Che rilevanza ha, a distanza di un secolo, la dichiarazione della Camera tedesca?
«È importante. Il Parlamento europeo ha sancito già tre volte che la Turchia non può entrare in Europa senza riconoscere il genocidio degli armeni. Ma non ha il peso che può avere la Commissione Ue, o un parlamento nazionale. Quello di Berlino in particolare: da 120 anni la Germania è alleata dell’Impero ottomano e poi di Ankara. All’entrata in guerra nel 1914, il Reich mandò truppe per riorganizzare l’esercito ottomano, e siglò accordi commerciali. Sono stati i tedeschi a costruire la ferrovia Berlino-Bagdad, e operai orripilati da quello che stava accadendo salvarono armeni spacciandoli per lavoratori lungo i binari».
Il testo contiene anche una condanna del ruolo del Reich in sostegno agli ottomani…

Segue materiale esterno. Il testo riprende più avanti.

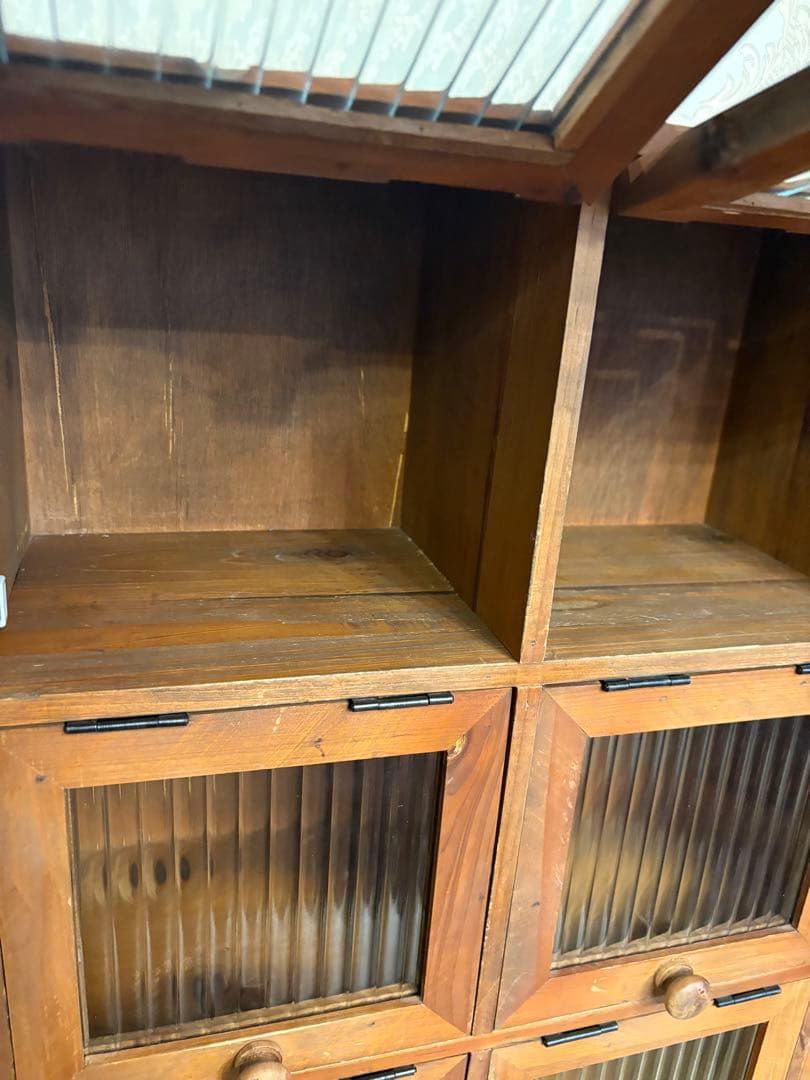 木製　アンティーク風ガラスフタ付きキャビネット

«Già dopo le importanti parole del Papa (che il 12 aprile 2015 usò apertamente il termine «genocidio» per gli armeni, «il primo del XX secolo», ndr ) il presidente tedesco ne aveva parlato. Ma temevo ci potessero essere intralci tecnici, invece il testo è passato in aula, nonostante le recenti mosse della cancelliera Angela Merkel favorevoli alla Turchia».
Dopo tanto tempo, non è solo un riconoscimento formale?
«È un riconoscimento formale certo, ma la stessa reazione furibonda dei turchi fa capire che è importante. Un segnale forte. Negare il genocidio è un esercizio solo di ossessione. Il 98 per cento degli storici concorda. Dai diari del diplomatico americano Henry Morgenthau, ambasciatore a Costantinopoli tra il 1913 al 1916 (tradotti da Guerini e associati); alle testimonianze di ebrei che osservavano con attenzione e preoccupazione quello che stava accadendo perché temevano potesse succedere anche a loro (nel volume «Pro Armenia», Giuntina). Il termine stesso, genocidio, è stato coniato dall’avvocato ebreo polacco Raphael Lemkin, che negli anni Venti, in anticipo sull’Olocausto dunque, aveva cominciato a studiare i massacri della popolazione armena, il primo genocidio del secolo».